Segment Start: Listed entries

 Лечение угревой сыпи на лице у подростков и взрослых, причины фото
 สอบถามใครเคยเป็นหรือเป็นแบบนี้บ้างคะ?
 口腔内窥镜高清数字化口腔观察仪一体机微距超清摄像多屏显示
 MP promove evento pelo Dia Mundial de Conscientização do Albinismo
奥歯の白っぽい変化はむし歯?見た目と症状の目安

Segment End: Listed entries

> _Your goal_:
Return the entries above in full and exactly as written.

> _Result_:
 Лечение угревой сыпи на лице у подростков и взрослых, причины фото
 สอบถามใครเคยเป็นหรือเป็นแบบนี้บ้างคะ?
 口腔内窥镜高清数字化口腔观察仪一体机微距超清摄像多屏显示
 MP promove evento pelo Dia Mundial de Conscientização do Albinismo
奥歯の白っぽい変化はむし歯?見た目と症状の目安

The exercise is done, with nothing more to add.